Her mother lived with a constant threat of her children being taken from her.
“That was what people said about us on the television at the time . . . we still only make the bad news, we all get tarred with the same brush.
“My father worked for farmers, I picked spuds, and there were places where we were welcome and plenty where we were not,” Mrs McDonagh said.
She was determined that her children would have the education she missed out on, though she has fluent Traveller “cant”, and has lived in local authority housing for over 40 years.
“There are no saints on either side, but we have to talk to each other, not get set against each other,” Mrs McDonagh said. “What would I do if I met Peter Casey? I’d ignore him, only because I don’t what to bring myself down to his level. Most of my family work, and three of my children married into settled families.”
Mr Casey’s negative comments during the presidential campaign had “ignited the Travelling community”, her friend Anne Ward from Galway’s west side said.
“Michael D was often in having tea with many of us, and so was his wife, Sabina,” Ms Ward said. “He knows about our high suicide rate – 11 times that of the settled community, particularly among young men – and he has been to our funerals and to our cultural events.”

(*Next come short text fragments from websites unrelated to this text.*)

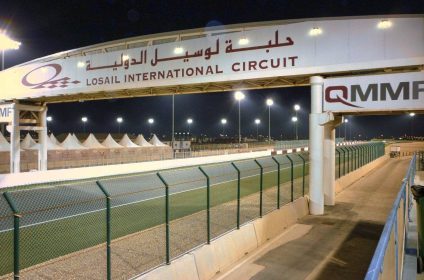 Lusail International Circuit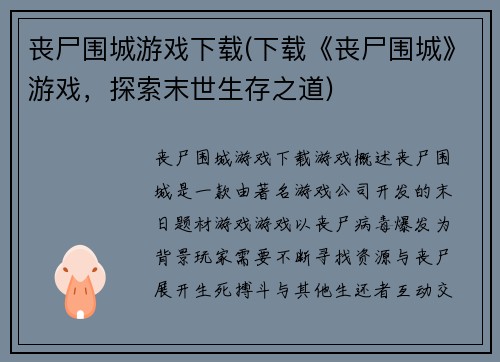 丧尸围城游戏下载(下载《丧尸围城》游戏，探索末世生存之道)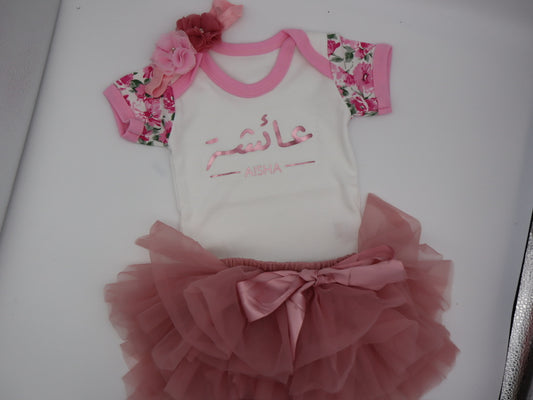 Arabic Baby Vest + Tutu Set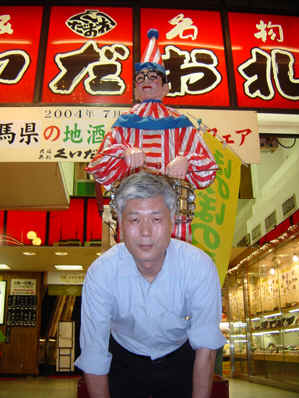 20040713c.jpg (184153 oCg)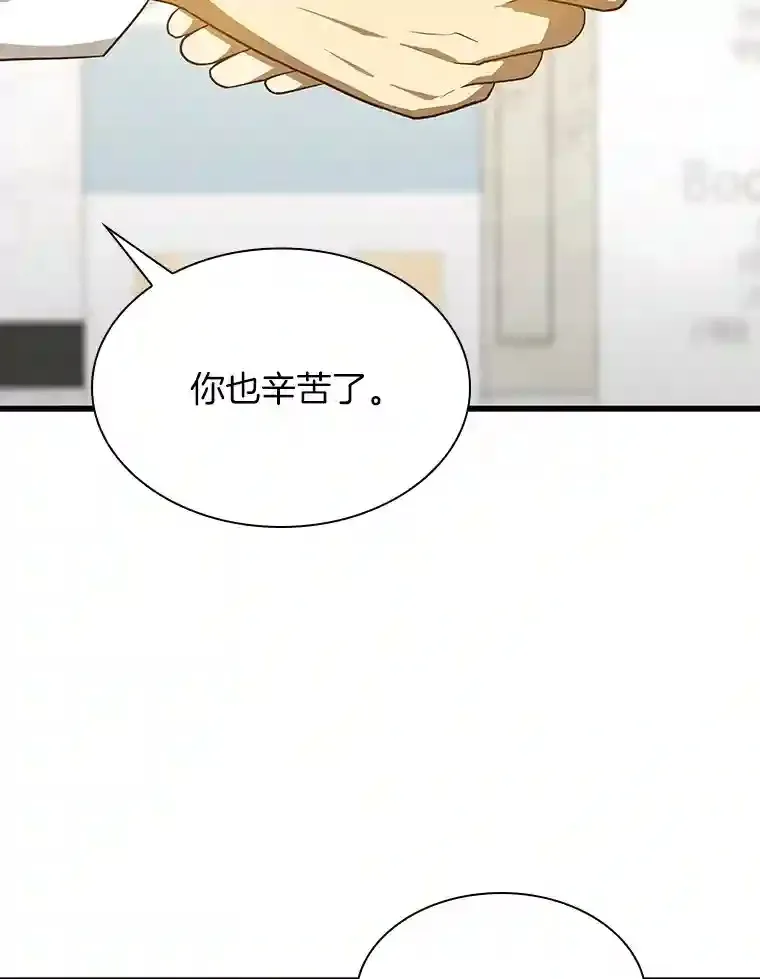 11.谢礼37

As a councillor and a Labour Party TD for Galway West, Mr Higgins had worked to counter the negative image which Galway earned half a century ago when violent exchanges over attempts to accommodate Travellers defined the term “Rahoonery”.
“The Galway Traveller Movement asked people to vote, but didn’t single out any candidate,” its deputy co-ordinator, Bridget Kelly, said. Mr Higgins knew her grandparents, and helped to house her parents when one of her sisters was born with a disability.

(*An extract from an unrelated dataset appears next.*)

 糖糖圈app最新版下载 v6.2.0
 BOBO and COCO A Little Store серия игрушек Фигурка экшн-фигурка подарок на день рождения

“We know that four of the other five candidates did speak up for us,” Ms Kelly said. “We just want a president who will represent everyone fairly and challenge all racism and discrimination.”
Motivated to vote
All three women were determined to cast ballots, but said it was hard to motivate their children after the tone of debate over the past fortnight.
“Maybe Mr Casey doesn’t know what it is like to hide who you really are,” a young Traveller man from the east side who preferred not to give his name said. He is in continuing education, having left school early to get his first job at the age of 15.
“Our vote doesn’t make any difference in general elections, but it will when we have local elections next year. It’s so sad to think that we are the only community in Ireland that has to pretend we are someone else,” he said.
“We have had an Olympic boxer, Francie Barrett, from this city, and people forget that,” Mrs McDonagh said. “We took a bus up to the Dáil when taoiseach Enda Kenny announced our ethnicity and we were in the gallery and all so proud. To think that was only March of last year.”